0000855: Update Volume or Purge Volume Hangs on Using Catalog

ID	Project	Category	View Status	Date Submitted	Last Update

0000855	bareos-core	director	public	2017-10-02 04:23	2023-09-11 17:13

Reporter	Ryushin	Assigned To	bruno-at-bareos
Priority	normal	Severity	minor	Reproducibility	always
Status	closed	Resolution	unable to reproduce
Platform	Linux	OS	Debian	OS Version	8
Product Version	17.2.3

Summary	0000855: Update Volume or Purge Volume Hangs on Using Catalog
Description	This just started happening after the last couple of nightly updates. Pretty much at the time when the new mysql schema was updated in the Debian packages. I've been using the same scripts that I've created the for the last couple of years without a problem. Now the scripts fail to run and hang when sending the command using echo and piping it to bconsole. Example commands: echo "update volume=vchanger_monthly_1.5tb_drives_0003_0001 ActionOnPurge=Truncate" \| bconsole echo "purge volume=vchanger_monthly_1.5tb_drives_0003_0001 action=truncate storage=vchanger_monthly_1.5tb pool=Off-site_Pool" \| bconsole echo "update volume=vchanger_monthly_1.5tb_drives_0003_0001 volstatus=Append storage=vchanger_monthly_1.5tb pool=Off-site_Pool" \| bconsole Example Output: echo "update volume=vchanger_monthly_1.5tb_drives_0003_0001 ActionOnPurge=Truncate" \| bconsoleConnecting to Director windwalker:9101 1000 OK: windwalker-dir Version: 17.2.3 (14 Aug 2017) Enter a period to cancel a command. update volume=vchanger_monthly_1.5tb_drives_0003_0001 ActionOnPurge=Truncate Automatically selected Catalog: MyCatalog Using Catalog "MyCatalog" <---- hangs here Running bconsole directly, and then running the commands from inside bconsole seems to work most of the time. But after testing a few times, even inside of bconsole it hanges on the command. I restart the dir and sd daemons to unlock the issue (not sure if the sd daemon needs to be restarted or not) It seems to be doing this with all of my scripts right now.
Additional Information	Script used: bareos_purge_volumes_on_1.5tb_monthly_drive.sh: #!/bin/bash if [ "$1" = "" ] then echo "Syntax: $0 <path where bareos volumes exist>" echo "I.e. $0 /mnt/vchanger/Monthly_1.5TB_01" exit 1 fi echo "update slots storage=vchanger_monthly_1.5tb" \| bconsole for vol in $(ls $1/volumes/vchanger_monthly_1.5tb_drives_*) do echo "update volume=$(basename $vol) ActionOnPurge=Truncate" \| bconsole echo "purge volume=$(basename $vol) action=truncate storage=vchanger_monthly_1.5tb pool=Off-site_Pool" \| bconsole echo "update volume=$(basename $vol) volstatus=Append storage=vchanger_monthly_1.5tb pool=Off-site_Pool" \| bconsole done
Tags	No tags attached.

Ryushin 2017-10-02 04:40 reporter ~0002768	BTW, this is occurring on two different installations.

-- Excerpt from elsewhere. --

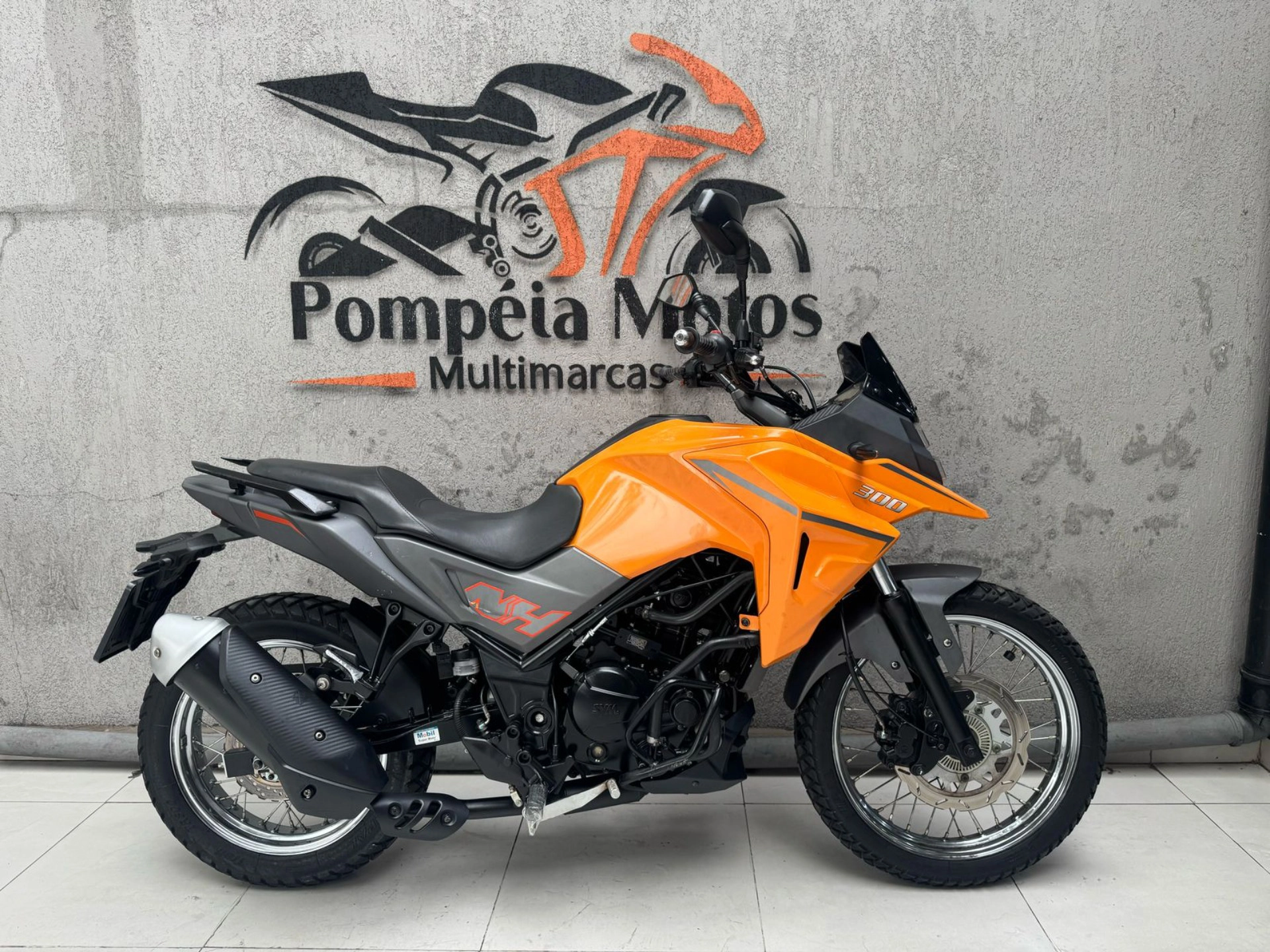 DAFRA NH 300 ABS Street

joergs 2017-10-02 16:47 developer ~0002770	I don't think, that this issue is related to the catalog. However, there have been changes to the prune/purge and ActionOnPurge commands. However, I'm not sure, if your script, even if it run, does what you expect. In my example, with 17.2.4-rc1, volumes don't get truncated. I would use: <your volume loop> purge storage=File pool=Full volume=$VOLUME # truncate all volumes with volstatus=Purged in pool Full truncate volstatus=Purged pool=Full yes Setting volstatus to append should not be required. Back to your main problem: no idea. Try to enable debug before the commands. Maybe the problem than gets obvious: setdebug director level=200

Ryushin 2017-10-04 02:20 reporter	windwalker-dir.trace (214,144 bytes)

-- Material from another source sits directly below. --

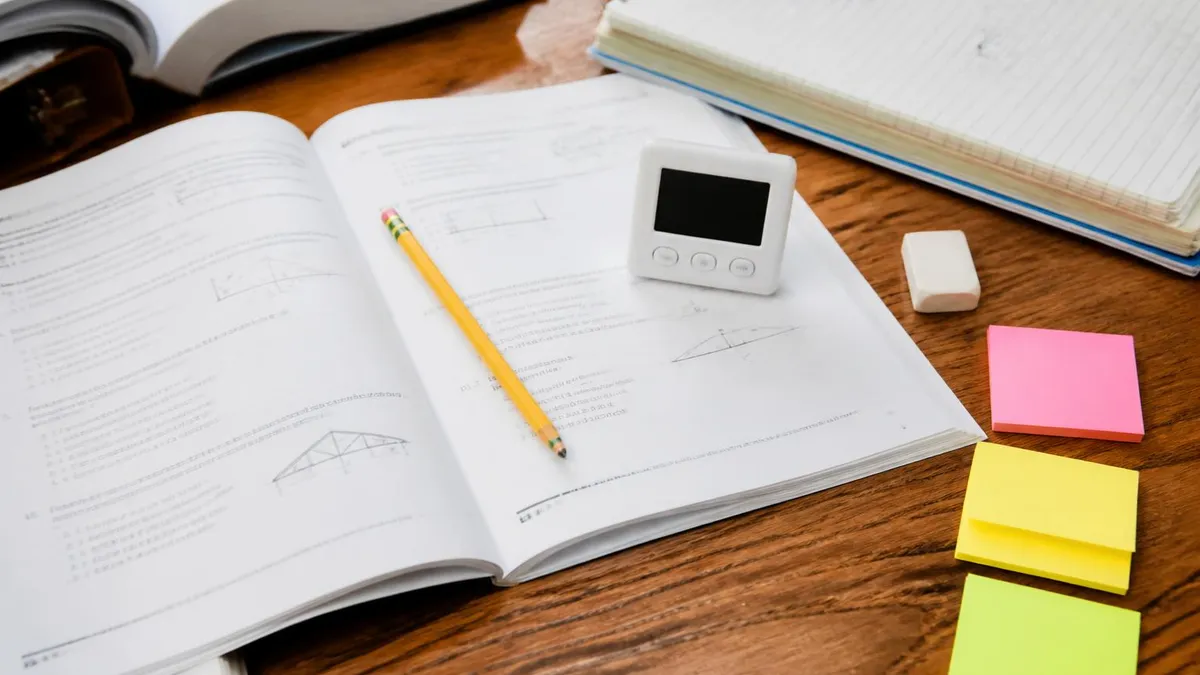 Can a General Contractor Be a Real Estate Agent? Career Paths, Licensing & Opportunities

Ryushin 2017-10-04 02:21 reporter ~0002772	I'll update the script with your new commands. The script use to purge and truncate the volumes just fine. I had to wait until I could change out the backup drive to another one so I can test again. Ran the script and it hung again. I turned setdebug to 200 and I recorded a trace file. I think everything after line 49 could be deleted (I think the webui queried at that time), but I left it just in case.

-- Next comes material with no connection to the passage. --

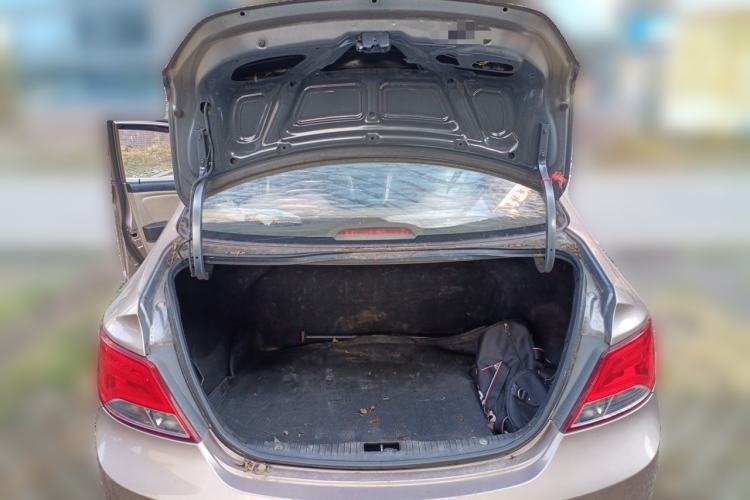 Used Hyundai Verna (older generation) 2014 1.4L Manual Fashion GS Model Trunk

Ryushin 2017-10-07 14:00 reporter ~0002776	Was the attached trace file useful? Is there anything else I can do?

joergs 2017-10-08 11:43 developer ~0002778	As far as I can see, the relevant part starts at line 686. windwalker-dir (10): ua_audit.c:143-0 : Console [default] from [192.168.9.1] cmdline update volume=vchanger_monthly_1.5tb_drives_0001_0001 ActionOnPurge=Truncate I can't see an error there. It did what it should: windwalker-dir (100): sql_query.c:124-0 called: bool B_DB::sql_query(const char*, int) with query UPDATE Media SET VolJobs=1,VolFiles=12,VolBlocks=832203,VolBytes=53687079247,VolMounts=1,VolErrors=0,VolWrites=832204,MaxVolBytes=53687091200,VolStatus='Append',Slot=1,InChanger=1,VolReadTime=0,VolWriteTime=583967158,LabelType=0,StorageId=3,PoolId=6,VolRetention=7344000,VolUseDuration=0,MaxVolJobs=0,MaxVolFiles=0,Enabled=1,LocationId=0,ScratchPoolId=0,RecyclePoolId=0,RecycleCount=0,Recycle=1,ActionOnPurge=1,MinBlocksize=0,MaxBlocksize=0 WHERE VolumeName='vchanger_monthly_1.5tb_drives_0001_0001' Also the follow up commands also got through: windwalker-dir (10): ua_audit.c:143-0 : Console [default] from [192.168.9.1] cmdline purge volume=vchanger_monthly_1.5tb_drives_0001_0001 action=truncate storage=vchanger_monthly_1.5tb pool=Off-site_Pool ... Did you run the commands again manually? Otherwise I don't see an error here. Adding the timestamp to the trace might help to figure out, when a command is issued. setdebug director level=200 timestamp=1 So, I can't reproduce the problem and the trace file looks as if everything run through. Without further information, I afraid, I can't help with this.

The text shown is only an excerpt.